A recepção disponível até 19 de agosto de 2026 indica interesse forte, mas ainda não permite falar em consenso histórico. A Folha de S.Paulo publicou crítica assinada por Felipe Maia em 24 de julho e classificou o disco como um dos melhores trabalhos da cantora, destacando o modo como Anitta coloca o palco em diálogo com músicas de prece e rito afro-brasileiro. A crítica também registrou ressalvas sobre momentos menos inspirados, especialmente quando o álbum se aproxima de sambas e soluções mais previsíveis.
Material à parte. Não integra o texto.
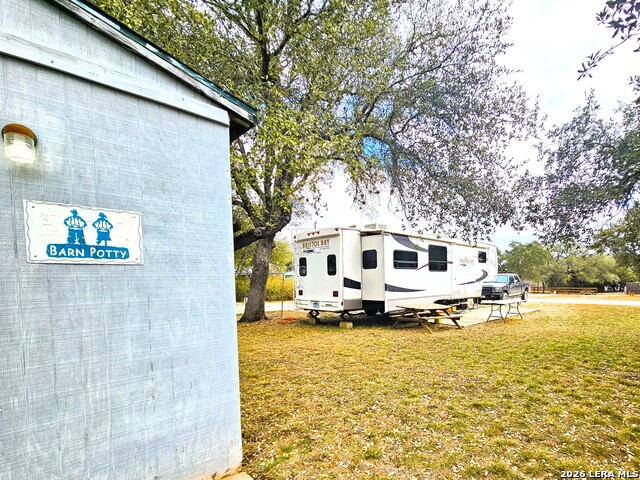 Image 8 of 32 For 605 Lakeshore Ln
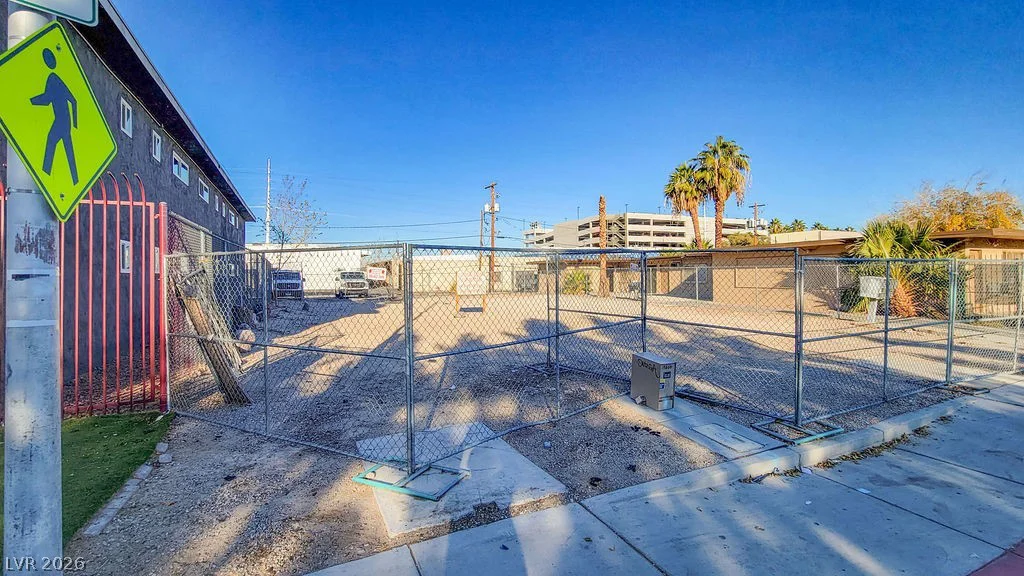 2300 Tam, Las Vegas, NV 89102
No Album of the Year, a página de EQUILIBRIVM II mostra nota de usuários 75 baseada em 600 avaliações e, ao mesmo tempo, indica ausência de nota crítica agregada. Esse dado é útil para medir reação de público em uma comunidade específica, mas não deve ser confundido com recepção geral do mercado ou da crítica especializada. O gshow, por sua vez, cobriu o lançamento audiovisual e registrou o projeto como expansão da nova era de Anitta, com expectativa para a turnê.

A leitura mais honesta é esta: EQUILIBRIVM II foi recebido como um lançamento relevante, discutido e ambicioso, com elogios à coesão brasileira e críticas pontuais à irregularidade de algumas faixas. Isso já basta para colocá-lo entre os discos pop brasileiros de 2026 que merecem análise além do ciclo rápido das redes.
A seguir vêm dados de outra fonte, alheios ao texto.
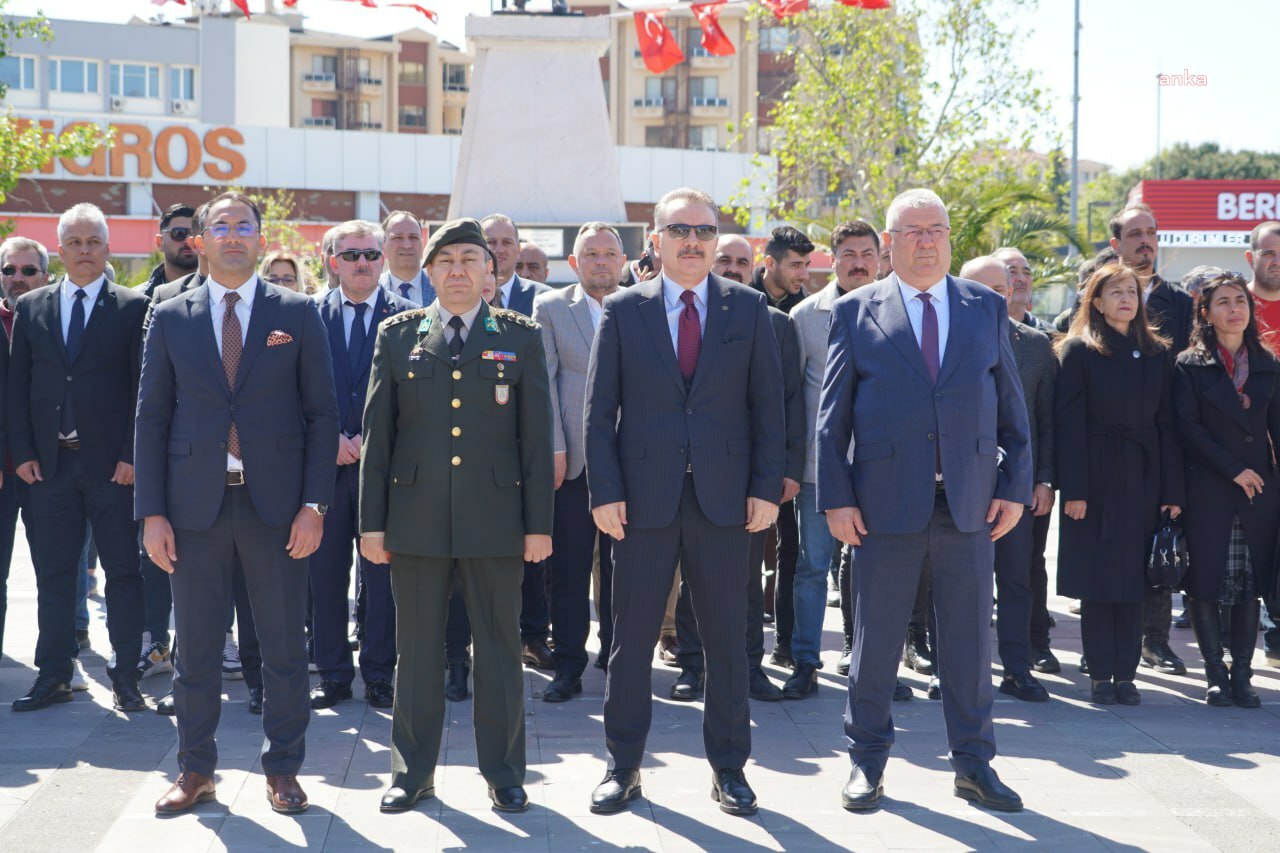 Atatürk'ün Edremit'e gelişinin 91'inci yılı dolayısıyla tören düzenlendi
O significado cultural de EQUILIBRIVM II

O significado do álbum está menos em provar que Anitta agora é mais brasileira, como se isso precisasse de certificação, e mais em mostrar como uma artista de alcance global pode voltar ao Brasil sem fazer desse retorno uma regressão. Em vez de abandonar o pop, ela usa o pop como tecnologia de circulação para repertórios que vêm de outras matrizes: terreiro, baile, rádio, roda, rua, fé familiar, dança de salão, tradição oral.

Nesse sentido, EQUILIBRIVM II conversa com a história de artistas que transformaram identidade em método, não em fantasia. A comparação não precisa ser literal com Racionais MC’s, Kanye West ou The Weeknd, mas ajuda a pensar uma ideia: grandes momentos pop acontecem quando imagem, som, biografia e contexto social se organizam em uma linguagem reconhecível. Anitta tenta fazer isso a partir do Brasil, e não apesar dele.
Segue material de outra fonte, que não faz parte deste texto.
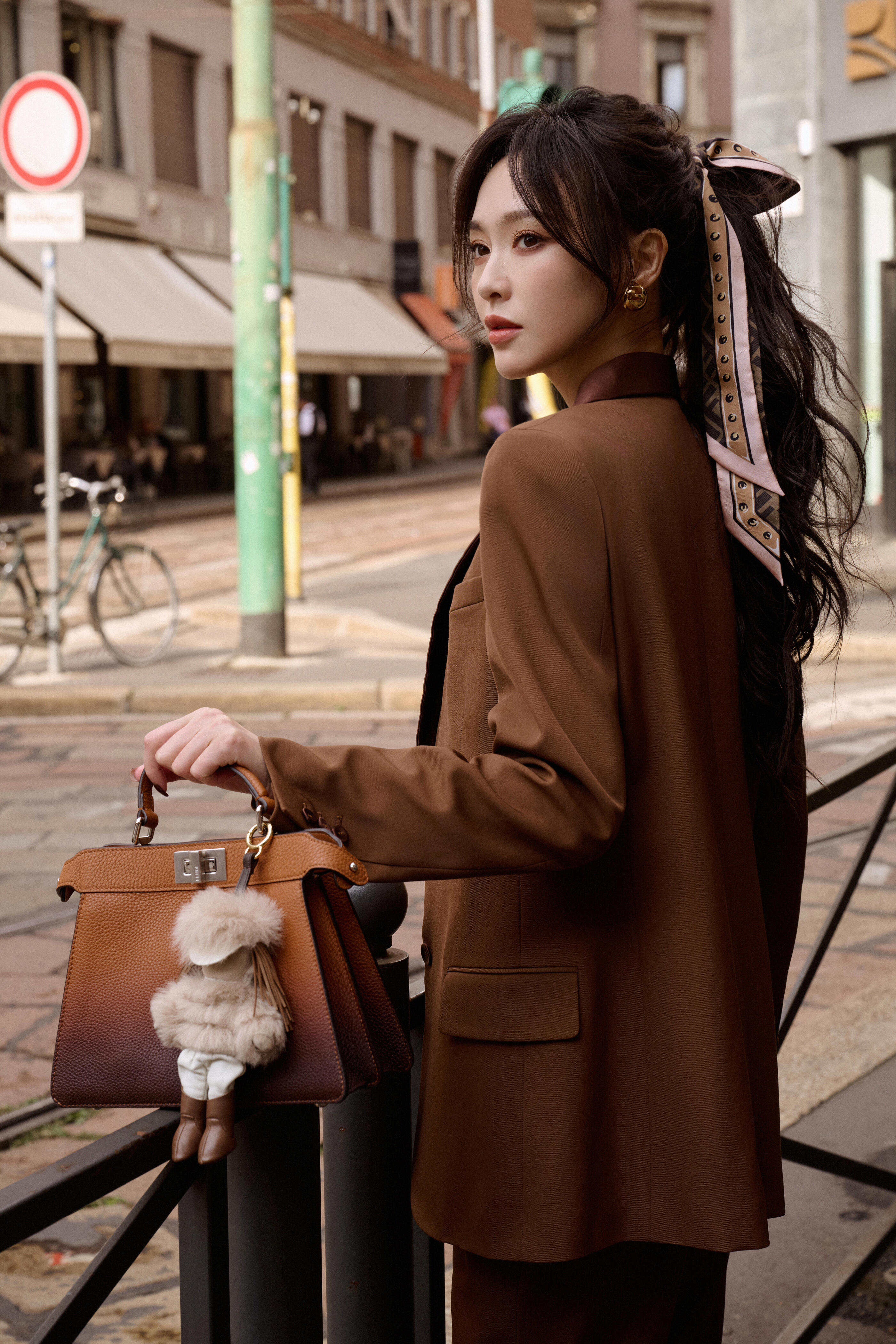 米兰街头的时尚女郎 唐嫣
Também há uma disputa de maturidade. Durante anos, parte da crítica tratou Anitta como estrategista mais do que artista. EQUILIBRIVM II não apaga essa dimensão estratégica; ao contrário, mostra que estratégia e autoria podem coexistir. A diferença é que agora a pergunta não é apenas qual mercado ela quer alcançar, mas que Brasil ela quer levar para esse mercado.

Por que isso importa em São Paulo

São Paulo entende bem esse tipo de mistura porque vive dela diariamente. A cidade recebe o funk do Rio, o rap das periferias, o reggae de circulação universitária e popular, o samba de roda, a MPB de teatro, o forró de migração nordestina, as festas de terreiro, as pistas eletrônicas e as ruas pintadas por artistas que disputam visibilidade no concreto. Um álbum como EQUILIBRIVM II não pertence a São Paulo, mas encontra aqui um público capaz de perceber suas camadas.

No fim, o lançamento de Anitta interessa ao Guia Cultural Becoartes porque trata cultura pop como território de conflito, memória e invenção. Entre a Vila Madalena, os muros do Beco do Batman e as noites em que a cidade transforma música em encontro, EQUILIBRIVM II lembra que o Brasil contemporâneo também se escuta nas passagens: entre o sagrado e a pista, entre o global e o local, entre a artista que todos conhecem e as raízes que ainda pedem atenção.